ABSTRACT

In the last ten to twenty years, there has been a growing interest among artificial intelligence researchers in the construction of so-called autonomous agents. Autonomous agents should be able to operate in largely unknown and unstructured dynamical environments without any need for human intervention. Previous techniques in AI were found to be inappropriate in the construction of such agents. This led to a rethinking of the underlying metaphors, and to the emergence of alternative perspectives on intelligent behavior. While the importance of this extended view on cognition developed in autonomous agent research is now widely recognized in cognitive science, autonomous agents themselves have received little attention as possible models of cognitive systems. This might be due to the fact that most of the autonomous agents that were developed until now are related to natural agents (animals, humans) only in a very broad, metaphorical sense. Autonomous agents are still rarely used as empirical models which aim at reproducing empirical data gathered from animals or humans. Starting from the successful example of biorobotics, where autonomous agents are used as empirical models in biology, we propose a new methodology to use autonomous agents as empirical models in cognitive science, called comparative cognitive robotics (CCR). The key features of comparative cognitive robotics are:

As a collaboration partner in constructing autonomous agents, we choose the comparative psychology of learning and adaptation.
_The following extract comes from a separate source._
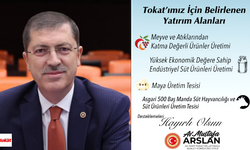 Mustafa Arslan’dan Tokat’a Büyük Haber: Yeni Yatırımlar Yolda!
We are mainly interested in those phenomena of learning and adaptation that can be found in a wide variety of species.

Empirical research with the model animal and the construction of the robot model work hand in hand. Work on the model inspires new experiments and new theories, and the empirical findings are used to update the model.

The model animal and the robot model are tested in the same or similar environments commonly used in comparative psychology, with the same or similar means of analysis. The match between those measurements is taken as an indication of the quality of the model.